Elastic Observability - Overview and components

 

Making data relevant, contextual, and actionable

Operations and development teams are often confronted with siloed tools for metrics, logs, and traces. Even with a single tool, the data is often in silos with no context or is missing relevant metadata (dimensionality), which increases mean time to detection (MTTD) and resolution (MTTR). Elastic Observability seamlessly scales to large amounts of data with high dimensionality and cardinality with little to no performance or cost surprises.

Frictionless onboarding via Elastic Agent and centralized management allows for simplified collection of all telemetry data, including cloud-native technologies such as Kubernetes. We’ve also added integrations with Microsoft Azure and Google Cloud Platform to natively ingest telemetry data, with additional integrations coming.

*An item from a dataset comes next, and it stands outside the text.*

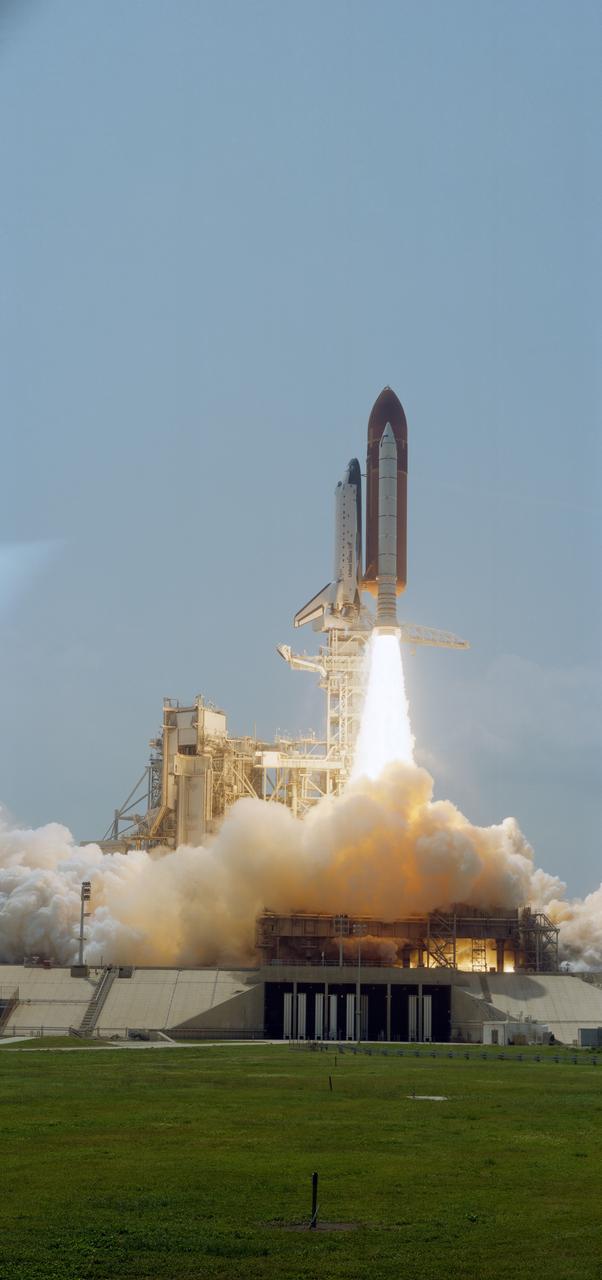 STS030-S-108 (4 May 1989) --- Backdropped against slight gray Florida skies, Space Shuttle Atlantis heads for a four-day mission in earth orbit with five astronaut crewmembers aboard.  Onboard were astronauts David. M. Walker, Ronald J. Grabe, Norman E. Thagard, Mary L. Cleave and Mark C. Lee.  Launch occurred at 2:46:58 P.M. (EDT), May 4, 1989.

Elastic Observability - Interface

 

Context is required for efficient and quick troubleshooting of incidents. Elastic APM service maps visualize application topology and accelerate troubleshooting by giving you the ability to see the status of services, anomalies detected, and logs in the context of transactions. They also allow you to compare service performance over any historical baseline, making it easy to detect misbehaving services. Our recent support for performance views into third-party service dependencies eliminates blind spots from your environment. We are further expanding our APM capabilities with support for Mobile iOS agent, in technical preview.

Elastic Observability - Application Performance Management (APM) Interface

 

Our next step on the journey to connect the dots is to deliver context between your application and infrastructure. Often, application performance is degraded due to performance issues in the infrastructure. We will be delivering the ability to view infrastructure performance in context to the application performance and related logs, delivering unified observability. We’ve also had requests for the ability to compare service performance across versions, cloud regions, availability zones, and other metadata. This future capability would help compare performance between A/B or canary deployments and allow for quick troubleshooting of deployment issues.

Elastic Observability - APM Services UI